While the president did not say which "media company" he was talking about, the first widely cited reporting about the missing second pilot was broadcast Friday by CNN, CBS News, and The New York Times.
Israel journalist Amit Segal—who has close high-level links to the government of Israeli Prime Minister Benjamin Netanyahu—claimed Monday on his Telegram channel that he was the first to publish information on the second pilot.
"We are about to see Trump’s promise to find and imprison whoever leaked the info about the second pilot vanish into the ether," US investigative journalist Ryan Grim said on social media Monday in response to Segal's post.
Both pilots were successfully rescued. Some critics mocked Trump for presuming that Iranians would not know that the two-seat F-15 is crewed by multiple pilots.
Since early in his first administration, Trump has discussed jailing journalists and political foes who leak or refuse to say who disclosed information. The president has also long denigrated journalists as the "fake news media" and the "enemy of the people," sowing distrust of an entire profession that culminated in physical attacks on reporters during the January 6, 2021 Capitol insurrection.
Trump's threat comes as the president said he is "considering blowing everything up” in Iran if the country's leaders don't reopen the Strait of Hormuz by Tuesday night. This, after Trump said during a nationally televised address last week that he would bomb Iran "back to the Stone Ages" if the vital waterway is not reopened.
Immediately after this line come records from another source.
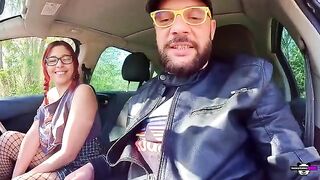 Amateur blowjobs with Italian dialogues that don't make sense and some outdoor action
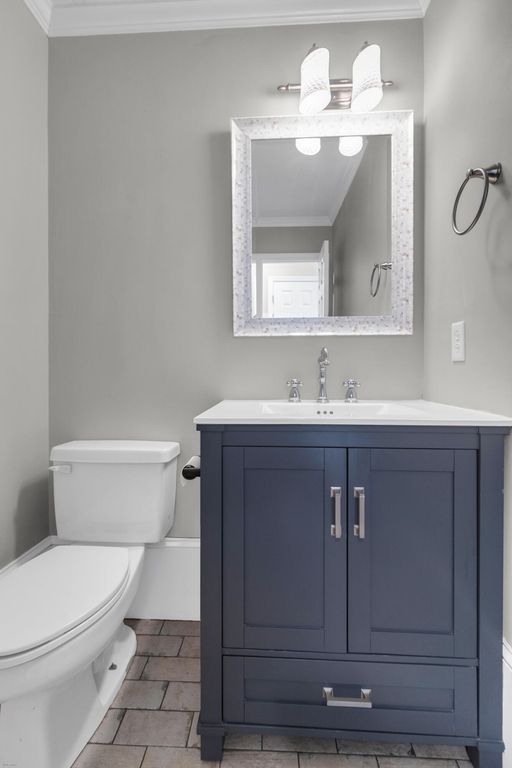 Image 7 of property listing at 252 Howle Avenue A-3, Charleston, SC 29412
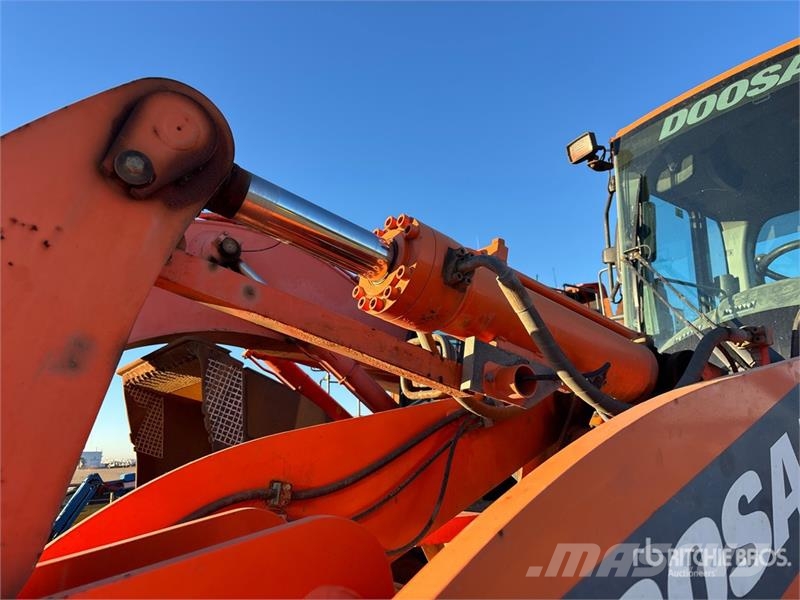 Doosan DL-250-5 Wheel Loader Radlader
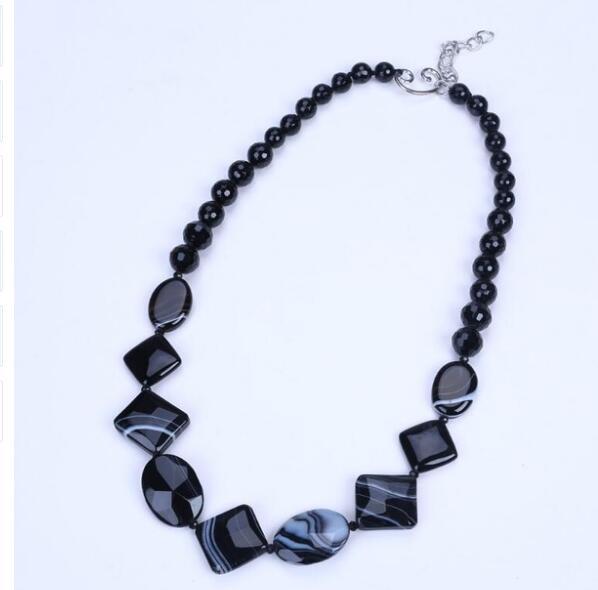 FREE SHIPPING + Fashion natural short necklace jewelry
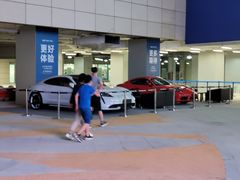 -盒马X会员店(王府井奥莱UP TOWN店)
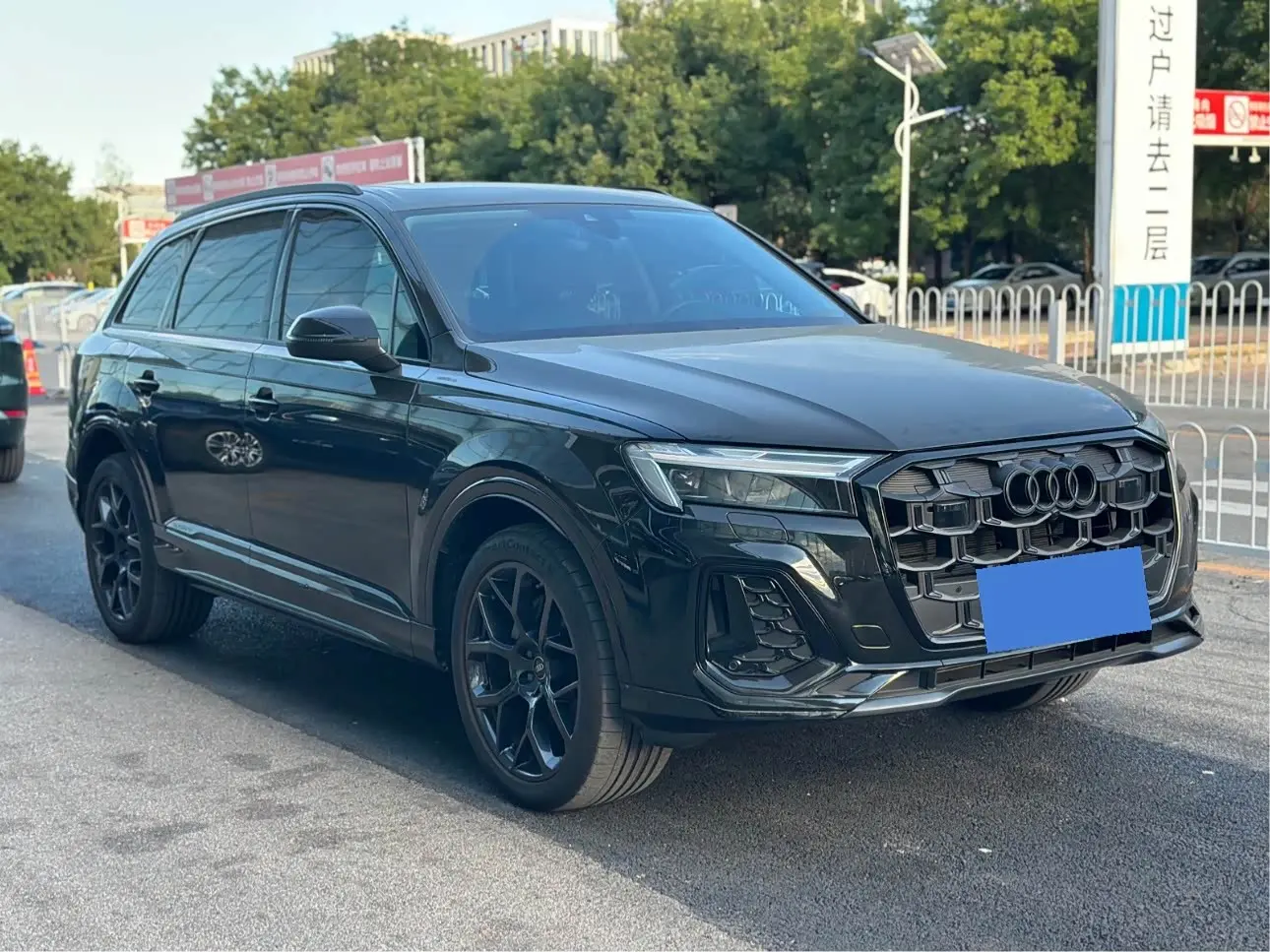 Audi Q7 2024 — Photo 2/11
Responding to the president's remarks, Freedom of the Press Foundation advocacy chief Seth Stern said that “Donald Trump has long harbored bizarre fantasies about having journalists arrested and even sexually assaulted in prison for refusing to burn their sources."
"But journalists don’t work for the government and their right to publish government leaks is protected by the First Amendment which, despite Trump’s efforts, remains the law of the land," he continued. "It does not disappear whenever the words 'national security' are uttered. To the extent that the government is allowed to withhold information, it’s up to the government to keep its secrets, not journalists."
“Confidential sources are the lifeblood of investigative journalism," Stern contended. "Sources who come forward at great personal risk won’t do so if they don’t trust that their identities won’t be revealed, as Trump knows well from his days impersonating publicists to brag about himself to reporters."
"Some of the most important news stories in American history have come from confidential sources, including stories that have brought down corrupt presidents," he added. "That’s why Trump is so obsessed with leaks. It has nothing to do with national security."